1901
Oil on panel
Marine is a vivid example of Bonnard's unique ability to weave a varied range of elements in his paintings into a congruous and concordant whole. The artist here combines the elements of an active seascape with the bustling activity on shore. Throughout his life, Bonnard took great pleasure in the ocean, both as a subject for his art and a place for leisure activities with friends.

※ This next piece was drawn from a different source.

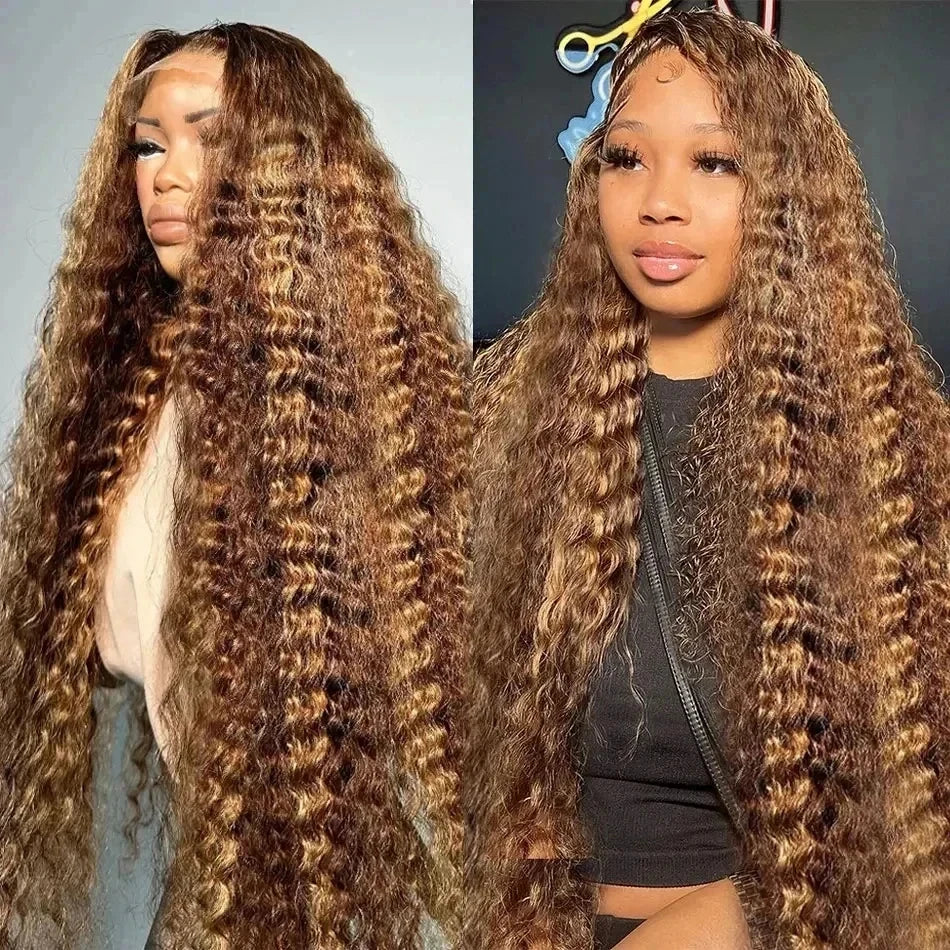 Throw On & Go | Honey Brown Highlight Deep Wave Glueless HD Lace 13x6 Frontal Wig by SilkyConfidence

Resonant in the current work is the pertinent influence that Japanese culture and art had upon the artist during this period. By this point in his artistic career, Bonnard was often referred to as le Nabi Japonard. His fascination with the art of the east was in part stimulated by an exhibition of Japanese art held at the Ecole des Beaux-Arts in Paris in 1890. Upon viewing this exhibition, Bonnard was intrigued by the fundamental simplicity of Japanese woodblock prints and bold use of color in large, unmodulated patches. By the time he painted the present work, the artist had developed a mature and singular style influenced strongly by those elements that had intrigued him at the Ecole des Beaux-Arts exhibition and informed by the strong influence that Gauguin had over the Nabi. As Sarah Whitfield writes, Bonnard "makes us aware that the principal subject for the painter must be the surface which, as he says, 'has its colour, its laws over and above those of objects" (Sarah Whitfield and John Elderfield, Bonnard (exhibition catalogue), London, Tate Gallery, 1998. p. 15).